DATA SHOWN ::
--- START ---
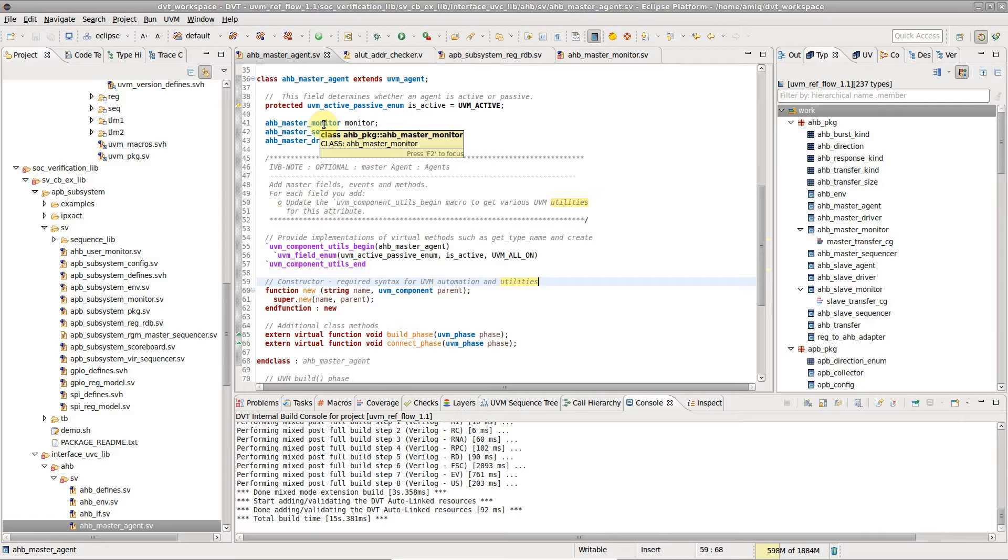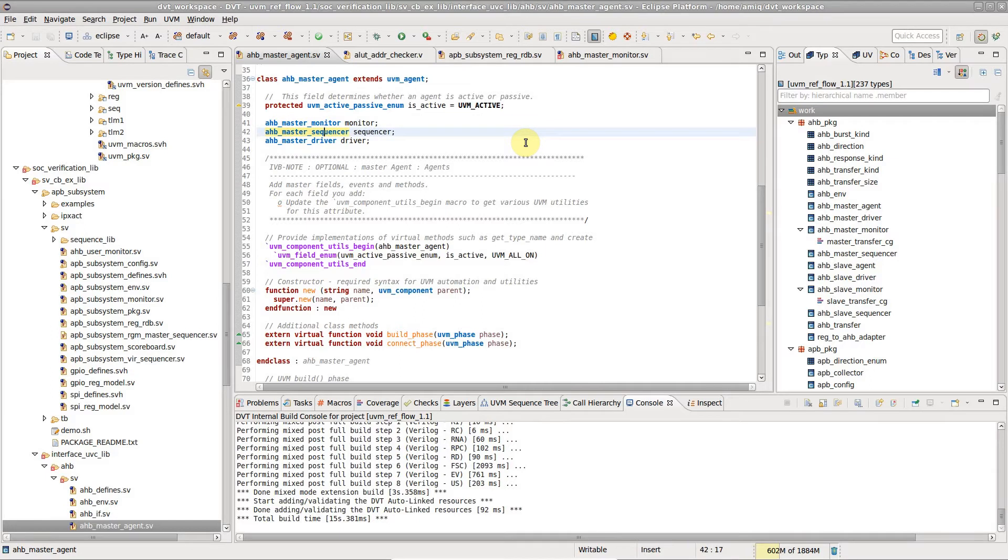To show the tooltip for an element using only the keyboard, place the editor cursor on an identifier and press F2.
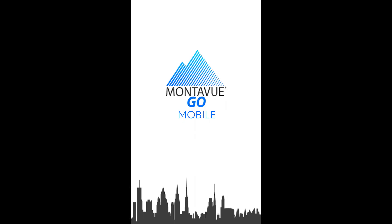I believe that covers all of the live view portions of the MontaVue Go mobile application. The next part is going to cover our playback and part three is going to cover all the other aspects and settings of this application. I hope you guys enjoyed this video. We'll see you guys on part two, and we appreciate you choosing MontaVue.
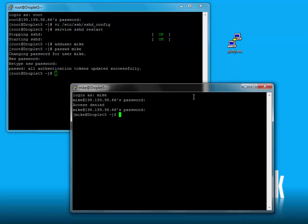We've logged in as Mike. Since we're blocking root from logging in remotely, how do we get root access? We get root access by typing in su space hyphen. SU is super user. So now if we type in the password for our root account, we're in as root. It's just a much more secure way of managing remote access — you never want to expose your root account, you always want to protect it.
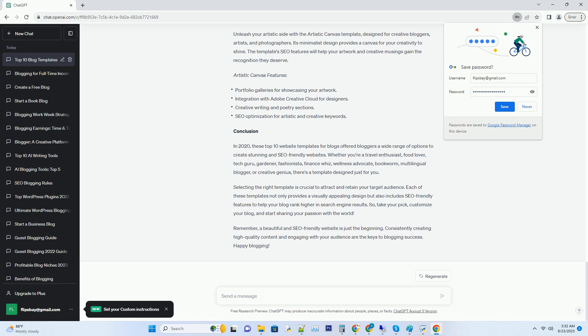Number eight: Readers Retreat Book Review Blog Template. For bookworms who want to share their literary adventures, the Readers Retreat template is a page-turner. Its bookshelf-inspired design and easy navigation make it a cozy corner for book lovers. With SEO friendly features, your book reviews and recommendations will reach avid readers everywhere.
--- END ---
WHAT YOU WILL DO :: Write the listing out exactly, word for word, but omit the pictures.

RESULT OF THE EXERCISE ::
To show the tooltip for an element using only the keyboard, place the editor cursor on an identifier and press F2.
I believe that covers all of the live view portions of the MontaVue Go mobile application. The next part is going to cover our playback and part three is going to cover all the other aspects and settings of this application. I hope you guys enjoyed this video. We'll see you guys on part two, and we appreciate you choosing MontaVue.
We've logged in as Mike. Since we're blocking root from logging in remotely, how do we get root access? We get root access by typing in su space hyphen. SU is super user. So now if we type in the password for our root account, we're in as root. It's just a much more secure way of managing remote access — you never want to expose your root account, you always want to protect it.
Number eight: Readers Retreat Book Review Blog Template. For bookworms who want to share their literary adventures, the Readers Retreat template is a page-turner. Its bookshelf-inspired design and easy navigation make it a cozy corner for book lovers. With SEO friendly features, your book reviews and recommendations will reach avid readers everywhere.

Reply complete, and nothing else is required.